Tom using the smart phone to translate the GPS system.  We are definitely learning how to use technology the best possible way.

Once we figured out how to program this thing, we were on our way
So, we passed our drivers license test but have decided to make a go of it without a car for awhile.  A lot of Japanese people do not own cars, they just rent one when needed.  You can rent a car by the day or by the hour.  We had a ton of shopping to do, so we rented a car for twelve hours and headed out to Costco and Yokosuka Naval Station.  We arrived at Costco around 10:30 am to find a line for parking to be at least a 45 minute wait.  Tom kicked the kids and I out at the curb while he waited in line for a place to park in the garage.  A busy day in a Costco in the states could not come close to a regular Sunday shopping day in Japan.  I was tempted to pull of the "Crocodile Dundee" maneuver and climb a pole to take a picture of the crowd.  I thought maybe that would be a little foreigner like and changed my mind on it.  Just take my word for it instead.

We placed Aaron at strategic locations with the cart and brought food back to him.  Miranda loved the fish department.  She commented on the "fishy" smell only to realize they were literally cutting up the fish on location before selling it.  We purchased a seafood pizza (see picture from an early blog entry) and will enjoy it for dinner tonight. 

We only spent 2 hours and 45,000 yen (roughly $700) and should be stocked for awhile.  With a 1/2 loaded car, we headed down the road for the Navy base.  Finished the car off with loads of food from the commissary, Christmas shopping and Christmas dinner.  Missed an opportunity to fight for a last ham, literally a Christmas with the Kranks missed moment.  I gave up the fight and settled for a pre-cooked small ham.

We returned the car at 7:52pm, 12 hours of power shopping at its best.
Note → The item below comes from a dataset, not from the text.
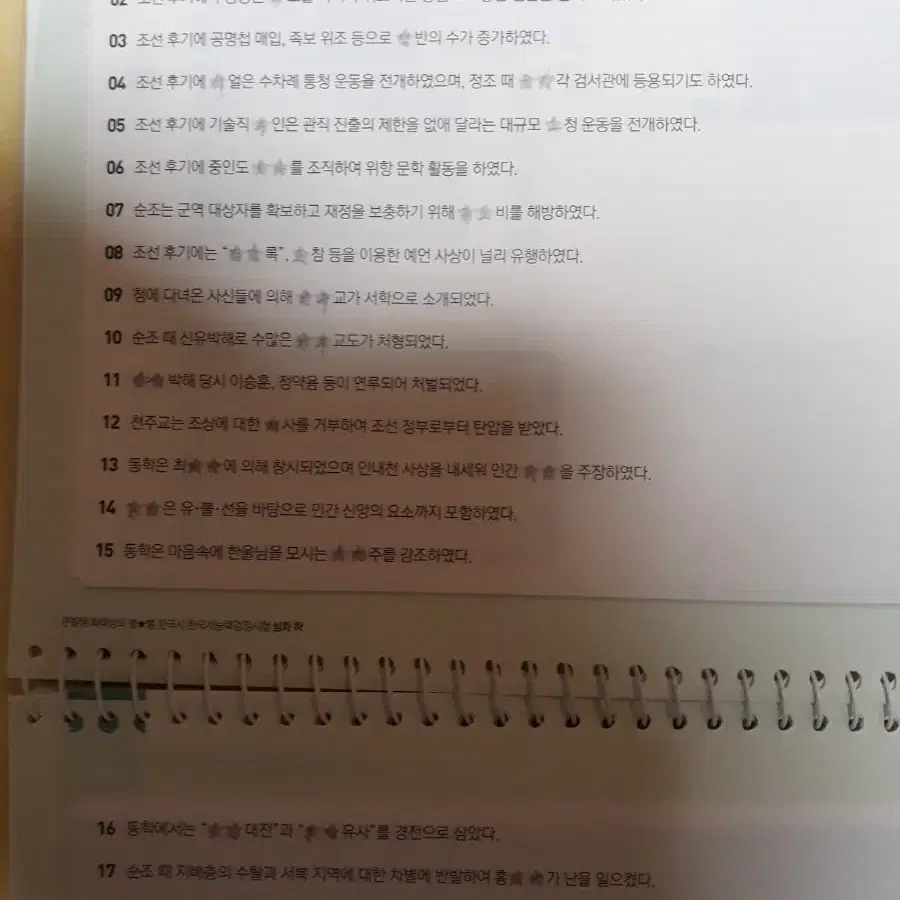 [일괄] 최태성 한국사 한능검 심화 개념 상,하 / 기출500제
Moving in shopping, Christmas shopping, Christmas dinner shopping all on one day.  We probably won't rent a car for at least another 1-2 months, so hoping our supplies last for awhile.

On to....Garbage sorting!!

So, we conquered the drivers license test, on to garbage sorting.  In a country of 4 million people, trying to figure out what to do with all that garbage is no small task.  The Japanese have perfected how to sort garbage and recycle everything possible.  The rest of the world could stand a lesson or two in this activity.  the only problem is, no one would take the time to memorize the list and where everything goes.  Garbage is collected daily, but only certain garbage.  Our collection runs like this:
Monday and Thursday:  Burnables (see list)
Monday and Thursday:  Non-burnables (see list)
Saturdays:  Recycling (but only certain recycling)
1st and 3rd Thursdays:  Other recycling

If you want to dispose of a is going to cost ya!  And you have to call and make appointment with the garbage (extra for return of ashes)

I've finally figured out what category Evan's diapers go in, but I'm sorry, I'm drawing the line on having to dump fecal matter out of disposable diapers and dispose of the rest in burnable.  Limited amount of time with Evan's diapers is all I am doing!!  Since the requirement of your name and address are no longer required on the bags of garbage, I'm taking my chances on the diaper issue.

We have neighborhood garbage duty only once a year compared with living in the city where you have garbage duty many times a year.  We are going to be strict.  If you dispose of your garbage in the wrong way, we will TRACK YOU DOWN!!!  Our goal is to have the cleanest corner of garbage during our week of duty. 

So, with all this said, the kids have determined my day will consist of shopping, walking up the giant hill with the shopping, laundry and garbage sorting.  Little do they know, the garbage sorting just got added to their list of chores. 

Thursday, December 8, 2011

Food thoughts

A big part of our daily activities center around finding food (I know, that makes us sound like we are scavengers or something!)  Since Roppongi, where we are staying, is a party sort of town, you can imagine that grocery stores are not really in demand here.   Shopping trips have become my mission.  I'm not sure if that is just doing the mom thing or it is the one thing I can actually conquer and control right now.  I have set a goal to feed our family of five (really four, Evan doesn't eat much) for between 1,000 and 1,200 yen a meal or up to 5,000 yen a day for all meals and outings.  Having breakfast at the apartment complex has really helped.  They sometimes have broth mixes to go along with toast, cereal and coffee or juice for breakfast. 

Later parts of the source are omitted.